→ **Exercise**: When you return the material, keep every line exactly as it is and omit the pictures.

→ **Information provided**:
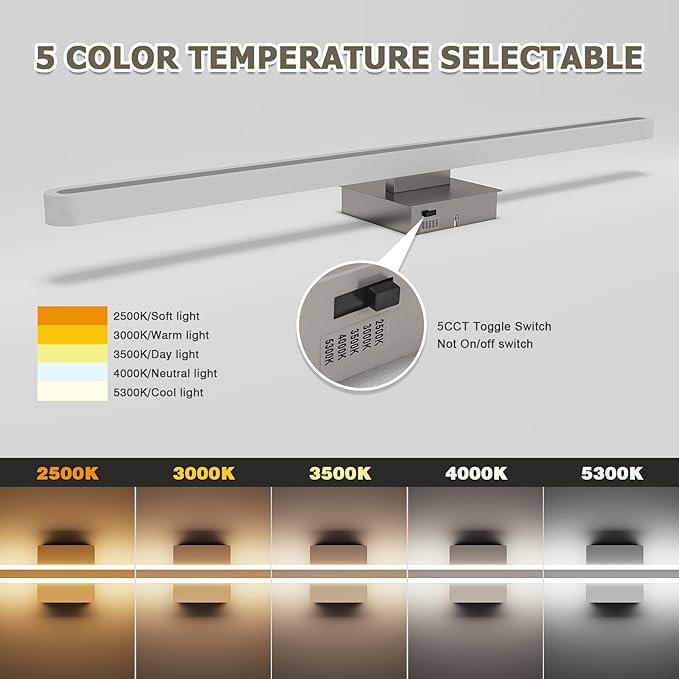 Joosenhouse Brushed Nickel Vanity Lights for Bathroom - 31.5 Inch 24W LED Bathroom Light Bar with 5CCT Dimmable, Modern Bathroomakeup Mirror Lights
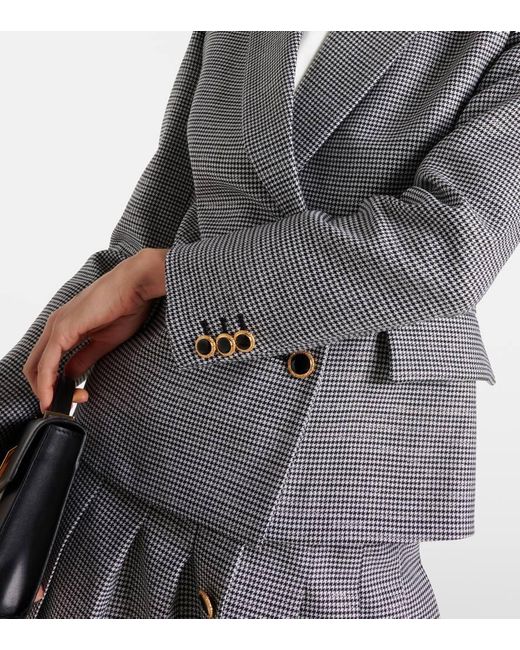 Alessandra Rich Gray Houndstooth Wool-Blend Jacket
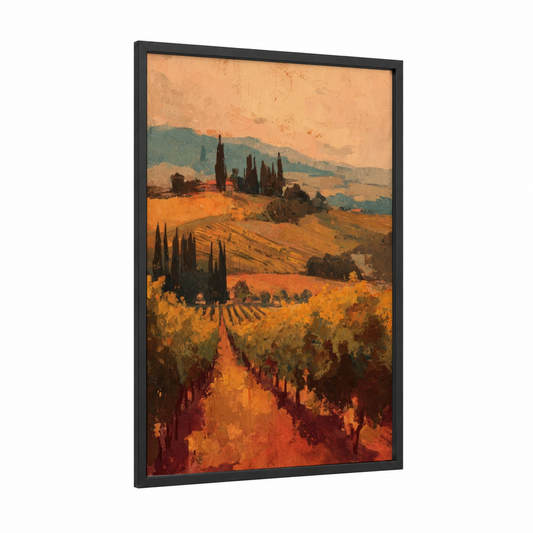 Tuscan Sunset framed art print — black wood frame — gold and russet palette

→ **Output below**:
 Joosenhouse Brushed Nickel Vanity Lights for Bathroom - 31.5 Inch 24W LED Bathroom Light Bar with 5CCT Dimmable, Modern Bathroomakeup Mirror Lights
 Alessandra Rich Gray Houndstooth Wool-Blend Jacket
 Tuscan Sunset framed art print — black wood frame — gold and russet palette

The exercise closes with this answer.